In Croatian _li _is more commonly used, but to tell you the truth, I don't know why. Some say that _da li _is Serbian and they avoid using it, but I don't know, I use both. If you speak Croatian, it is maybe better to use_ li_, but as far as I know, both are correct.


----------



## (Infant)ry

Yes both are correct but avoid using da li because it`s Serbian language and there are few significant differences between them P.S( we utterly hate the Serbs),You can`t use li alone in compound tenses (only in present), it requires je. If you want to form a question us something like this, ex; je li (on) kupio kruh (did he buy bread), present ex.; je li (on) kupuje hruh (does he buy bread) or kupuje li on kruh. P.S.2  The form je li is more common than li both in spoken and written Croatian.


----------



## Setwale_Charm

(Infant)ry said:


> Yes both are correct but avoid using da li because it`s Serbian language and there are few significant differences between them P.S( we utterly hate the Serbs),You can`t use li alone in compound tenses (only in present), it requires je. If you want to form a question us something like this, ex; je li (on) kupio kruh (did he buy bread), present ex.; je li (on) kupuje hruh (does he buy bread) or kupuje li on kruh.


 

Hmm, interesting. I have never heard the "je li on kupuje" one in present... Is it also purely Croatian? I can well believe that you hate Serbs because I have witnessed examples of how desperately they hate you

Poor foreigners like me who try to study the three languages and desperately confuse them at most inconvenient moments.


----------



## (Infant)ry

Nah, no matter, you should have us and the Serbs during the years 1991. to 1995. (patriotic war) and yes je li on kupuje kruh is purely Croatian, also it is more common than kupuje li (on) kruh.


----------



## Setwale_Charm

(Infant)ry said:


> Nah, no matter, you should have us and the Serbs during the years 1991. to 1995. (patriotic war) and yes je li on kupuje kruh is purely Croatian, also it is more common than kupuje li (on) kruh.


 

That's just the time when I had you all.... 
Is this the same in bosanski?


----------



## (Infant)ry

Yes, it is.


----------



## dudasd

(Infant)ry said:


> Je li on kupuje kruh


 
It's usual, but considered to be colloquial because present tense (kupuje) can't stand with the auxillary verb *je*. It's also absolutely common in Serbian, though more often in its shortened version *je l'*. 
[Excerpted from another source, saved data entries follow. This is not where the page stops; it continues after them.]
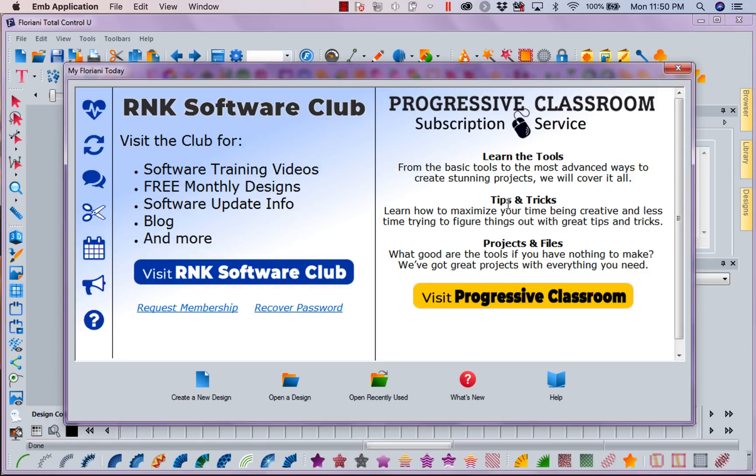Hi, this is Kathy Quinn with Floriani. Floriani is a division of R&K Distributing and I want to welcome you to this week's Project of the Week.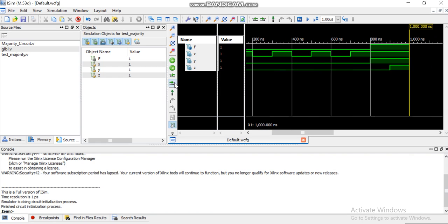In this way, here you can see the input variables are X, Y, and Z, and the output is equal to one only when all inputs are equal to one, or when there are more number of ones as compared to zeros in the input combination. Thank you for watching.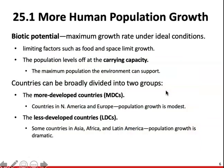Biotic potential is the maximum growth rate under ideal conditions. There are limiting factors that help keep a population in check — things like limited food resources or limited space — that slow down population growth. When limiting factors are present, the population levels off at the carrying capacity, which is the maximum population the environment can support. Some think Earth's carrying capacity may be between 50 and 100 billion; others think we already have more humans than the Earth can adequately support.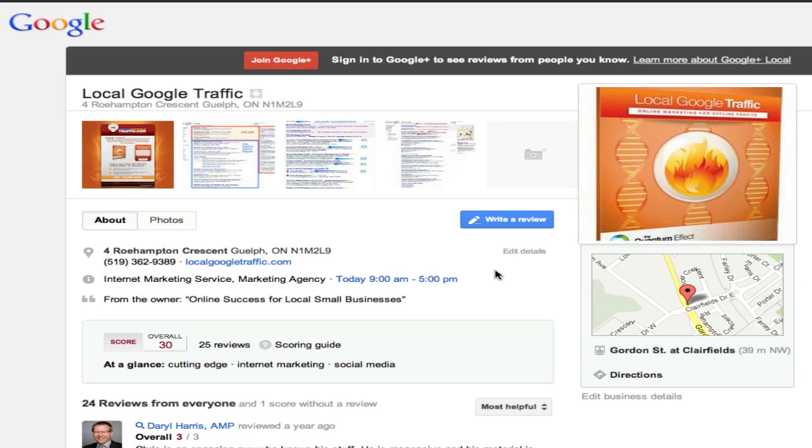This video is going to show you how to leave a rating and review on a new Google Plus local profile. Chances are a business owner or professional has sent you an email asking you to rate and review their business. Here's exactly how you do it.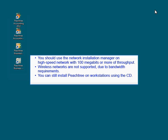However, if your network is slow or you are more comfortable installing Peachtree using the CD, that's okay. You can still do so.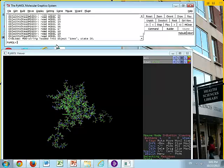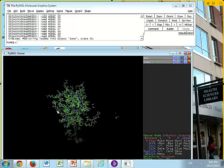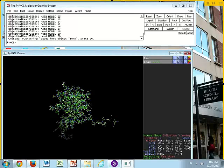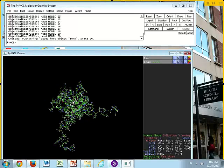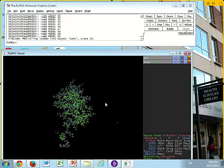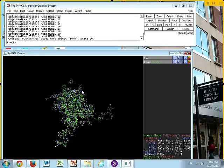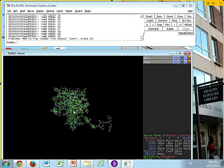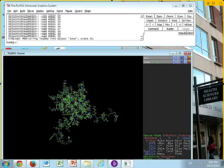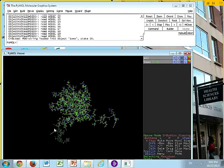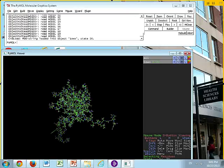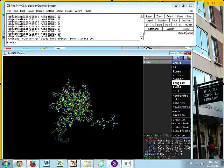Can you see, just type fetch space 1OWX and then hit return. Now you can, with your mouse, the left button on your mouse, you can rotate the molecule and look at it.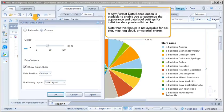A new Format Data Series option is available to enable you to customize the appearance and data label settings for individual data points within a chart. Note that this feature is not available for box plot, map, tag cloud, or waterfall charts.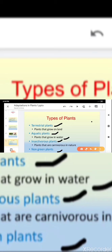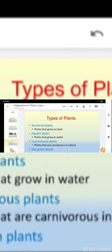Children, tell me why non-green plants are not able to synthesize their own food. Very good. Non-green plants are unable to synthesize their own food because of the absence of chlorophyll.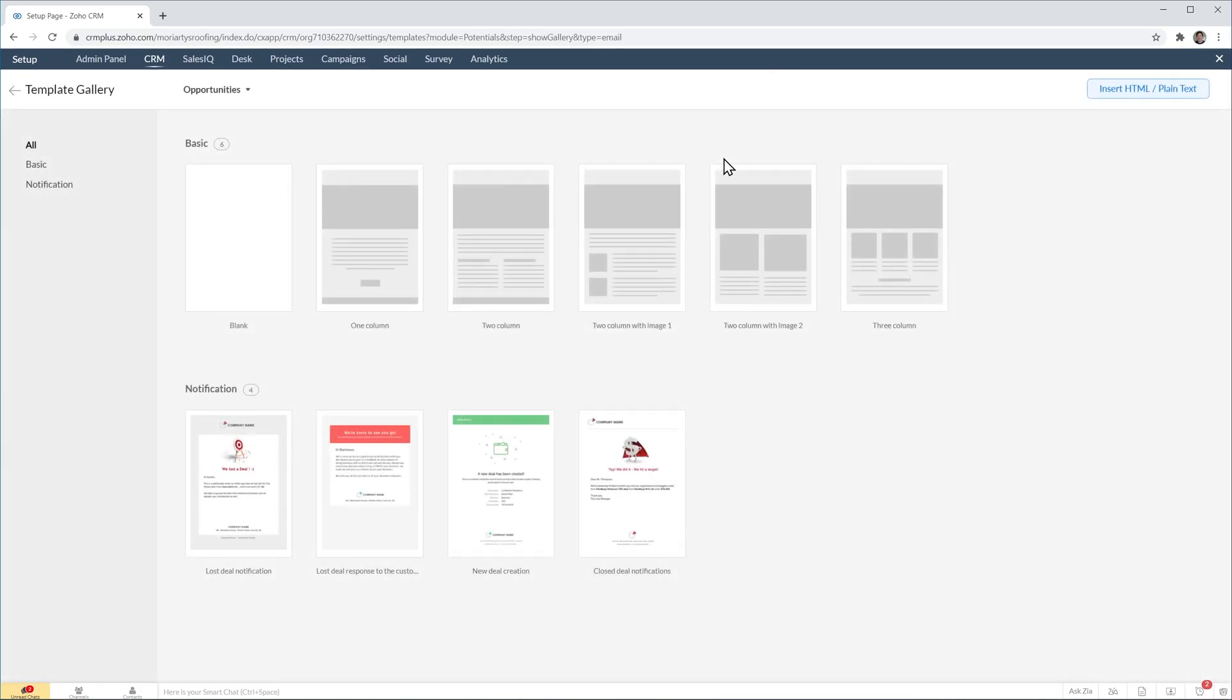And this is the template gallery where you can choose one of the templates that is already here. But the template I want to create is very simple so I'm going to do it from scratch. And I'm going to use this button right here that says insert HTML slash plain text.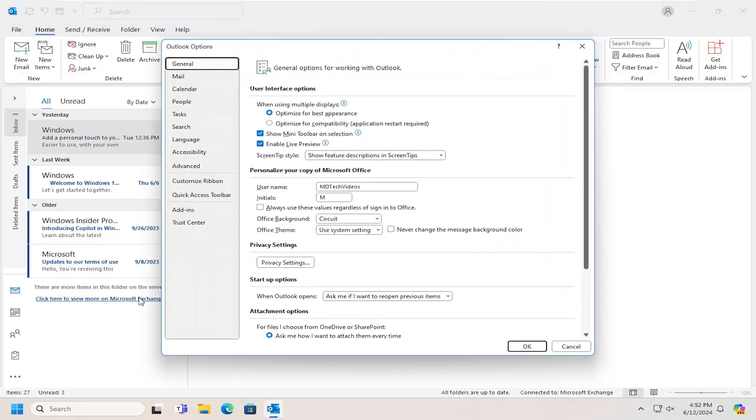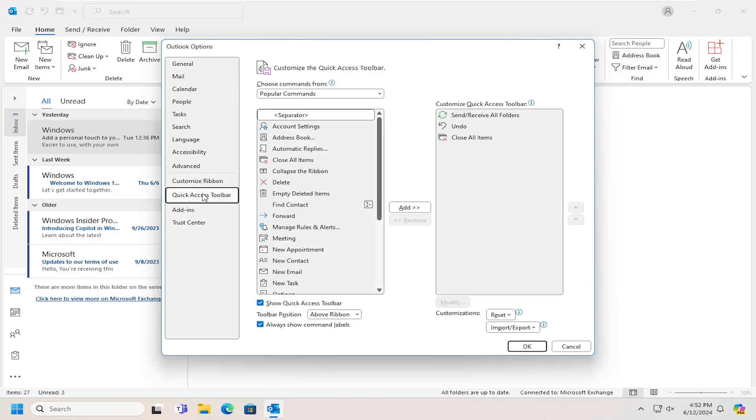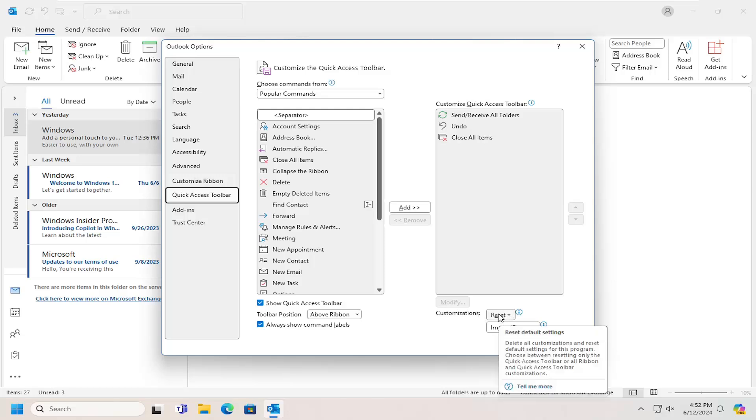Now on the left side you want to select the quick access toolbar entry in here and then on the right underneath customizations there should be a reset button.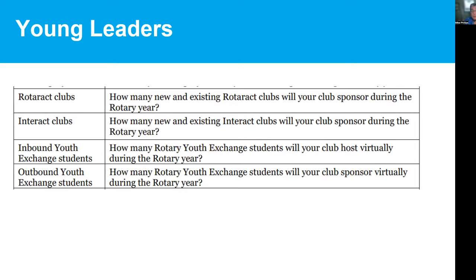The next category has four goals associated with young leaders — Rotaract and Interact clubs. If your club is already sponsoring one, that's an easy goal: you set it and you've already achieved it. If your club isn't, that might be a good goal to set if you believe you can achieve it — sponsoring or setting up an Interact club or Rotaract club. Then there are inbound and outbound exchange students. This might not fit your club at all, or it might be an area where your club is very active — you choose this if it fits your club's interests.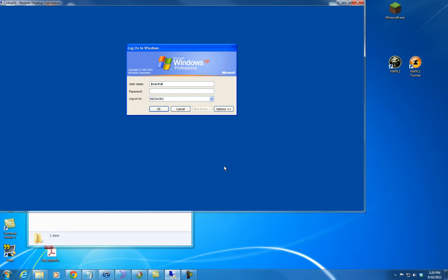First we're going to create our NWNX2 server. Then we're going to set up a Dropbox account, create ourselves a module, go through how to publish the module and get players to download things like your hak pack with minimal fuss. Then we're going to run our server and configure our firewall.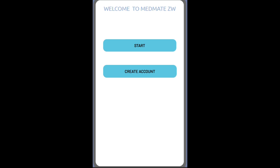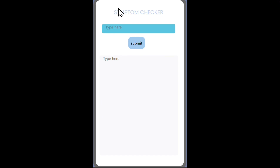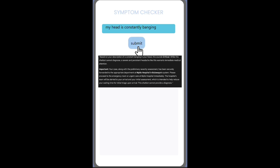So let's get started right away. I will look at the symptom checker specifically. The user inputs the symptom they are feeling. Then, after submitting, the symptom checker gives a recommendation according to the rule-based system we used.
"Da li" and "verb + li" constructions are, more or less, equally present in both languages (at least in their written forms, I mean belles lettres at the first place). "Da li" is not that much used in Serbian (I am talking about written language again) because infinitive is generally less popular in Serbia, so one can happen to write such a sentence:

"Da li hoćeš da odeš da vidiš?" (Do you want to go and see?),

which is utterly "yuk" from the point of good style and taste. In Serbian it will normally be:

"Hoćeš li otići da vidiš?"

or in the worst case:

"Hoćeš li da odeš da vidiš?" (this one can be tolerated in spoken language).

Bosnia seems to prefer "verb+li" forms. "Is there any bread?" will be "Ima li kruha?" or "Ima li hljeba?". Also, Bosnian language still keeps the proper order of "li" + perfect, which has radically changed both in Croatian and Serbian. I mean the shortened version of it. An example: 

"Jesi li bio tamo?" ("Were you there?") 
Shortened versions (the most common ones):

Bosnia:
"Jesi l' bio tamo?"
Serbia:
"Je l' si bio tamo?" (This construction prevails in spoken language, and it's much, much more used that "da li" construction.)
Croatia:
"Jesi bio tamo?" (I never heard another option, "Je li si bio tamo?", but I can't exclude its possible existance.)

And may we omit civil wars here, ladies and gentlemen? Because they have nothing with language.


----------



## Setwale_Charm

Thank you for your explanations all.
 dudasd, unfortunately, civil wars more than any other wars affect the norms of the language and breed cultural tendencies to use one and avoid other versions.


----------



## dudasd

They do, but we should be those who are aware of that and avoid further misunderstandings. I am cherishing all the three of the languages in my own home, so it's possible to be above it.  Thankfully.


----------



## (Infant)ry

Croatia:
"Jesi bio tamo?" (I never heard another option, "Je li si bio tamo?", but I can't exclude its possible existance.)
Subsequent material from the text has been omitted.